Work request: Your answer must be the lines of the entries below, exactly as written, from the first line through the line containing "1960 Orientación al mercado.".

Exercise data:
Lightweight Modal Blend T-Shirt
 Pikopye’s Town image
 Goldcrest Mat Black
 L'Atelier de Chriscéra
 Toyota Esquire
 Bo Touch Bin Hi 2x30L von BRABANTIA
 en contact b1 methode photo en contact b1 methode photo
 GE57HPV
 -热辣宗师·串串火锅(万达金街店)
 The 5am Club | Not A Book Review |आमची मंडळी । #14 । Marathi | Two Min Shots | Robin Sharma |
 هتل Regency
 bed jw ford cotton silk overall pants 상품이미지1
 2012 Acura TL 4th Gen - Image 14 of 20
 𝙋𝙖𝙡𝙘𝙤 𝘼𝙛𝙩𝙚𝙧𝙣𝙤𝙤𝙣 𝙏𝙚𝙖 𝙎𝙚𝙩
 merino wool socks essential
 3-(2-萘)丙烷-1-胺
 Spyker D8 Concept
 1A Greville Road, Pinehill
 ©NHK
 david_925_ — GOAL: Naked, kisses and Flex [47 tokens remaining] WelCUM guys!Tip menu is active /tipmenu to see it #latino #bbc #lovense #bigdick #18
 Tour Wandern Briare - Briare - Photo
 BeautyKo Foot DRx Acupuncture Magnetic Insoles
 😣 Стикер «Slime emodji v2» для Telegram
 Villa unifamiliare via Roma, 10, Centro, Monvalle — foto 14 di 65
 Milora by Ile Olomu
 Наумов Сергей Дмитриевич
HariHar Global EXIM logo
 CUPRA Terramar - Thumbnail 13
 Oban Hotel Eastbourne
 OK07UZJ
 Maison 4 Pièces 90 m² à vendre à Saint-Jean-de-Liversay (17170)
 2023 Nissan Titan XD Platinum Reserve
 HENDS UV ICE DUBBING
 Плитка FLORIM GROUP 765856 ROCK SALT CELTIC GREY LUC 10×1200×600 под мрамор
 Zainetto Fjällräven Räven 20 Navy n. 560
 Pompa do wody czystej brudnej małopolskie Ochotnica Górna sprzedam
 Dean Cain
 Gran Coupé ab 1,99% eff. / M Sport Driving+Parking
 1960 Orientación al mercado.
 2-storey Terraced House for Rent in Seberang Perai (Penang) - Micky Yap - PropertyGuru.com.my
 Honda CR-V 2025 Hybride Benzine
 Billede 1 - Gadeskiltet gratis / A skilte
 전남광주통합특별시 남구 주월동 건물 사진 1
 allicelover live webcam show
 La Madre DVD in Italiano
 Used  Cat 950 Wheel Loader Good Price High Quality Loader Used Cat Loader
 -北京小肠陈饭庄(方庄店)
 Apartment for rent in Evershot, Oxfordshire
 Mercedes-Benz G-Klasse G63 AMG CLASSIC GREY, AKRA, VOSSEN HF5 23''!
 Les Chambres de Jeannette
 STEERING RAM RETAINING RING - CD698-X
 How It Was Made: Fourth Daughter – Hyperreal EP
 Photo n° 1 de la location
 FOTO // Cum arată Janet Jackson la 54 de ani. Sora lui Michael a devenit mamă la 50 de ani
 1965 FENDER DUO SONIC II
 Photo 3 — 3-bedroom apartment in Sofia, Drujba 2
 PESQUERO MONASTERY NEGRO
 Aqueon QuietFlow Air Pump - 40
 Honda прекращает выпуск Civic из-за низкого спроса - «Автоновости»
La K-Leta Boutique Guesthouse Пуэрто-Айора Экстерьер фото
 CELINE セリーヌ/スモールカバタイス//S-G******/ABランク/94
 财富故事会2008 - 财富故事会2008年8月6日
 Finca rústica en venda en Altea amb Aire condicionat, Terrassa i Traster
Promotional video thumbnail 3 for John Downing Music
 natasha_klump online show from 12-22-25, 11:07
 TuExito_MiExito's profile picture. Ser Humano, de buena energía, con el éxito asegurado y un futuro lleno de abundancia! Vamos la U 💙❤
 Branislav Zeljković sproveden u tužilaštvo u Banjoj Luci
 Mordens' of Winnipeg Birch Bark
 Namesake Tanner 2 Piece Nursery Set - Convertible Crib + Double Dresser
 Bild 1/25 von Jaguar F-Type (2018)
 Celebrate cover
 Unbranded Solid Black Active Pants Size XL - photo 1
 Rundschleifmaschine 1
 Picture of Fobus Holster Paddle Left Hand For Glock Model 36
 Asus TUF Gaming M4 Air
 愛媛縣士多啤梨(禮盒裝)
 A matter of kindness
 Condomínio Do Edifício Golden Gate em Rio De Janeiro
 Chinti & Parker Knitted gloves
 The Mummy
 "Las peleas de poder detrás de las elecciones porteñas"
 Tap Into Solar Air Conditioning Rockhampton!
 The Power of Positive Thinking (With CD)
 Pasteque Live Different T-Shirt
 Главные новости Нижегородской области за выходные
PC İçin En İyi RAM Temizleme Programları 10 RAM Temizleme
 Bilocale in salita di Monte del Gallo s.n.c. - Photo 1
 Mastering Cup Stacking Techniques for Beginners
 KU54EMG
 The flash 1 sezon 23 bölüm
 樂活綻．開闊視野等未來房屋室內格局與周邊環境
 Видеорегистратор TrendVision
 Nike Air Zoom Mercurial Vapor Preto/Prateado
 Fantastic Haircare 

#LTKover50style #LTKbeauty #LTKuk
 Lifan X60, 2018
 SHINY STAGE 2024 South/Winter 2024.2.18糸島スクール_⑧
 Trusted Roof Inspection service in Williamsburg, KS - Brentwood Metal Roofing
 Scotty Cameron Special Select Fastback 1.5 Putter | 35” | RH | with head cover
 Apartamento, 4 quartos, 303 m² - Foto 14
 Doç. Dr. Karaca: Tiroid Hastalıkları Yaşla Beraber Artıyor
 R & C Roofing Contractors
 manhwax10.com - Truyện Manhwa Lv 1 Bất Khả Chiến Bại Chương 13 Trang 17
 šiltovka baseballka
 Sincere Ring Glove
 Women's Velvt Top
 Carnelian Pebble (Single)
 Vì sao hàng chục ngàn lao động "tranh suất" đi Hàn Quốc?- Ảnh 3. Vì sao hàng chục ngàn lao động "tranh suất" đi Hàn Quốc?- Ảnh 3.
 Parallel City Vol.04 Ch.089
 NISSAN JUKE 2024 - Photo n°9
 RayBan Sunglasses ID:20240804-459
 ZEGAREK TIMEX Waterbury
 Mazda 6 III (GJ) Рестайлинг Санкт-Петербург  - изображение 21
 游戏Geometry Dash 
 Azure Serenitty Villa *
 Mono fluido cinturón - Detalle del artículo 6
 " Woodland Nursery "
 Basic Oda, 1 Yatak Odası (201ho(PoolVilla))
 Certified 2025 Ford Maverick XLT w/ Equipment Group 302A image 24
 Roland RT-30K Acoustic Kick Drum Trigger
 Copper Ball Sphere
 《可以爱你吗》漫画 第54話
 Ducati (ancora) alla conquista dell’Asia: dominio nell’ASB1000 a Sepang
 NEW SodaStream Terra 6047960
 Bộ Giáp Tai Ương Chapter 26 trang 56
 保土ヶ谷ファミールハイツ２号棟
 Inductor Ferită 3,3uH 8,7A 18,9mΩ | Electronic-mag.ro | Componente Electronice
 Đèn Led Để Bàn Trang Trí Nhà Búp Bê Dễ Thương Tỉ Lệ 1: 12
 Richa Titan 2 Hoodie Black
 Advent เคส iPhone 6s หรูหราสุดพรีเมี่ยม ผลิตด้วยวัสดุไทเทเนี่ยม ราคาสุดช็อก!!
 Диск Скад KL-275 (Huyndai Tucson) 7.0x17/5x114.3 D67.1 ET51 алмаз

Exercise response:
Lightweight Modal Blend T-Shirt
 Pikopye’s Town image
 Goldcrest Mat Black
 L'Atelier de Chriscéra
 Toyota Esquire
 Bo Touch Bin Hi 2x30L von BRABANTIA
 en contact b1 methode photo en contact b1 methode photo
 GE57HPV
 -热辣宗师·串串火锅(万达金街店)
 The 5am Club | Not A Book Review |आमची मंडळी । #14 । Marathi | Two Min Shots | Robin Sharma |
 هتل Regency
 bed jw ford cotton silk overall pants 상품이미지1
 2012 Acura TL 4th Gen - Image 14 of 20
 𝙋𝙖𝙡𝙘𝙤 𝘼𝙛𝙩𝙚𝙧𝙣𝙤𝙤𝙣 𝙏𝙚𝙖 𝙎𝙚𝙩
 merino wool socks essential
 3-(2-萘)丙烷-1-胺
 Spyker D8 Concept
 1A Greville Road, Pinehill
 ©NHK
 david_925_ — GOAL: Naked, kisses and Flex [47 tokens remaining] WelCUM guys!Tip menu is active /tipmenu to see it #latino #bbc #lovense #bigdick #18
 Tour Wandern Briare - Briare - Photo
 BeautyKo Foot DRx Acupuncture Magnetic Insoles
 😣 Стикер «Slime emodji v2» для Telegram
 Villa unifamiliare via Roma, 10, Centro, Monvalle — foto 14 di 65
 Milora by Ile Olomu
 Наумов Сергей Дмитриевич
HariHar Global EXIM logo
 CUPRA Terramar - Thumbnail 13
 Oban Hotel Eastbourne
 OK07UZJ
 Maison 4 Pièces 90 m² à vendre à Saint-Jean-de-Liversay (17170)
 2023 Nissan Titan XD Platinum Reserve
 HENDS UV ICE DUBBING
 Плитка FLORIM GROUP 765856 ROCK SALT CELTIC GREY LUC 10×1200×600 под мрамор
 Zainetto Fjällräven Räven 20 Navy n. 560
 Pompa do wody czystej brudnej małopolskie Ochotnica Górna sprzedam
 Dean Cain
 Gran Coupé ab 1,99% eff. / M Sport Driving+Parking
 1960 Orientación al mercado.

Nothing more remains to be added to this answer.